I developed a testing methodology to overcome the pitfalls of A/B testing, while still rely on factual data it provides. Triple testing combo is an iterative testing process, that involves 3 parallel tasks in each iteration: lab based user experience testing, user interviews and A/B testing. Obviously you can use remote or undercover testing instead of lab based one, or to complement it, and instead of A/B testing you can use multivariate if need be.

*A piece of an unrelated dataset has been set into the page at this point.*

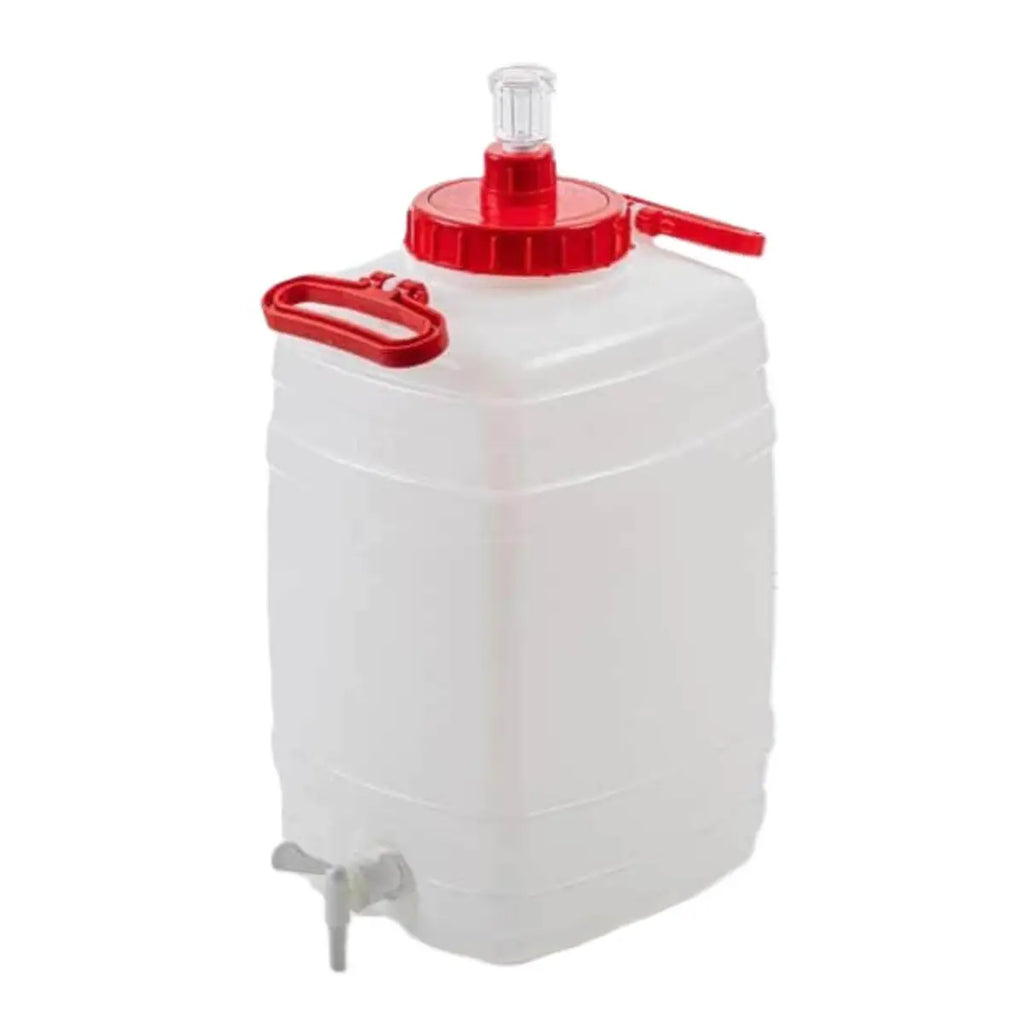 25 Litre Fermenter with Tap and Airlock | Genius, heavy-duty plastic fermenter with tap and airlock.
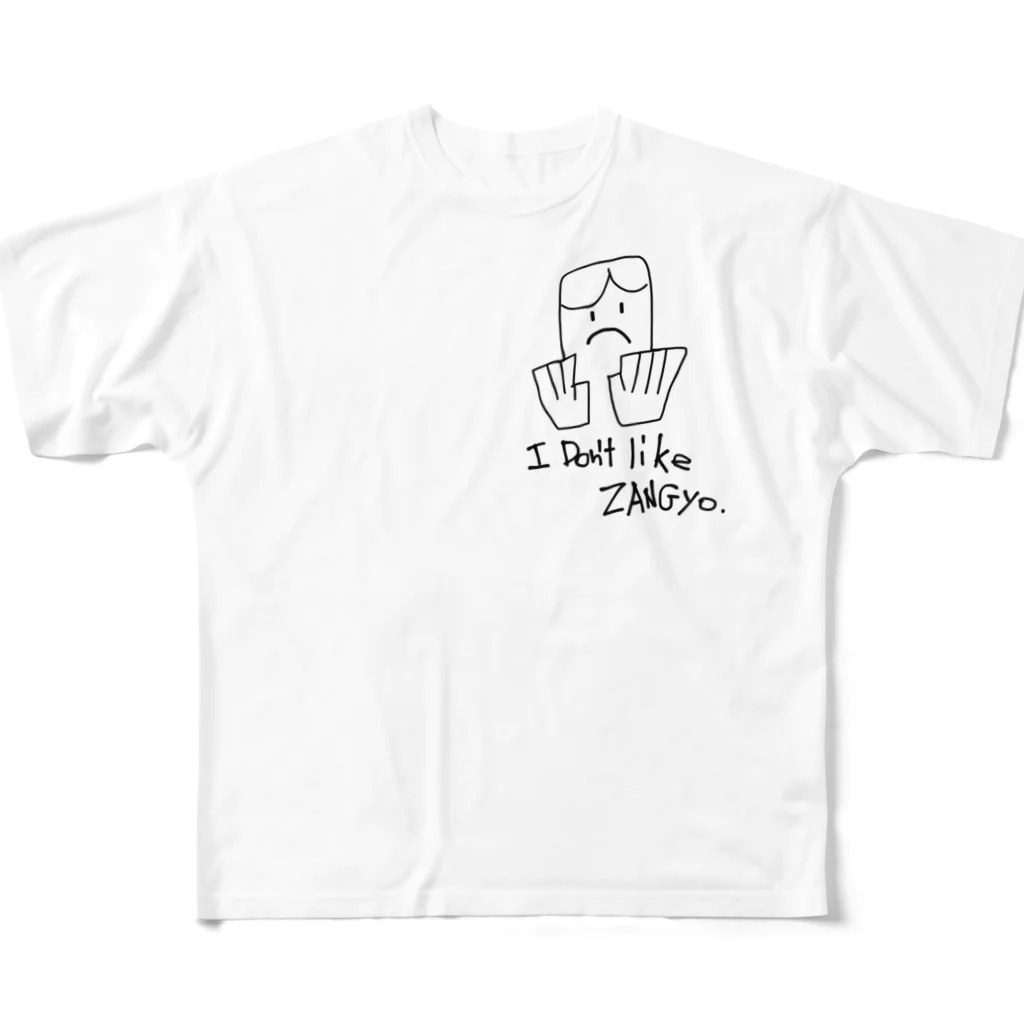 きままNIESの会社員 All-Over Print T-Shirt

If there is interest, I will write an article about it in the near future, but as a summary I can tell you that the triple testing combo constrains the A/B tests to the broader picture, the lab testing and the interviews provide a deeper understanding of the user experience. With the combo you must test variants of a page against each other, not minor details like the color of a button. The A/B tests will not proliferate out of control, while the subjective nature of the user interviews and small sample lab tests will be complimented by the numerical evidences provided by the A/B tests.

Futuresight

Nowadays we experience the golden age of A/B testing, and most companies consider it as a magical solution that can be used to eliminate the debates from usability, conversion optimization and UX. It provides data, and we live in an age, where senior managers and decision makers hoard data like mythical dragons used to hoard gold. I’m sure, that soon a knight in shining UX armor will bring a solution that puts A/B testing in its place. Popularizing triple testing combo is my quest, but I would gladly abandon it, if you could show me a better way. If you have a better solution, don’t hesitate to comment, or write a follow-up article.

W. Szabó Péter

Ronny Kohavi‘s reply to my article: Response to: 5 reasons why you should be skeptical about A/B testing

July 31st, 2014 Reply

Chris Schmidt

Strange. Any good testing professional will tell you everything said in this article without the odd grudge seemingly held against the scientific method. Because that’s what a well designed A/B test is, it’s good science. But good science requires creativity so it’s not an either/or proposition. I understand the point of the article (use a web analytics 2.0 methodology) but the article itself seemed to be motivated by something personal. All I know is when there’s real money on the line nothing beats a well designed and executed A/B test. In the digital realm we are lucky to be able to run tests where we can control for virtually every variable.

August 4th, 2014 Reply

W. Szabó Péter

Thanks a lot for the comment Chris. I don’t have a grudge against A/B testing, and especially not against scientific method. Skepticism (for me) means recognizing that results of A/B tests are not always beyond doubt and they don’t provide certain knowledge, at least not alone. That is why I propose the triple testing combo, that contains A/B testing without solely relying on it. I think that this combo beats A/B testing alone, because it adds a lot of value to it, while not abandoning the practice.
August 4th, 2014 Reply

David Leese

Hi Peter, Very interesting article. Here’s my response (and please take it kindly :-))
http://davechessgames.blogspot.com/2014/08/i-am-power-tool-ab-skeptic.html

August 14th, 2014 Reply

W. Szabó Péter

Wow, thanks a lot! Great parody, I love it. The Power Tool analogy is great. I laughed so hard. 😀 Very well written!
August 14th, 2014 Reply

Chris Hedick

I would respectfully disagree with most of this, I do optimization and testing for large companies and I apply both creativity and scientific statistical methods and I have seen the results. I do agree that the most successful tests are “no brainers” like increasing visibility of CTA buttons and the like, but I have seen many cases where small changes have had significant impact. I made a half dozen changes to a product comparison engine – basically making copy and images look slicker and more professional and saw a 15% lift in add to cart clicks.

August 22nd, 2014 Reply

W. Szabó Péter

Thanks a lot for your comment Chris. Well done increasing add to cart click by 15%, that is a nice achievement. But I would respectfully say, that this only proves that you are good in your job. I never said A/B tests are useless or pointless. I just wrote an article to show people a more skeptical point of view in case of A/B testing. As David Leese masterfully compared power tools to A/B testing, I can follow the analogy in saying, that even if you can cut down a forest with a chainsaw, that does not mean that you should handle chainsaws carelessly or without due skepticism.
August 22nd, 2014 Reply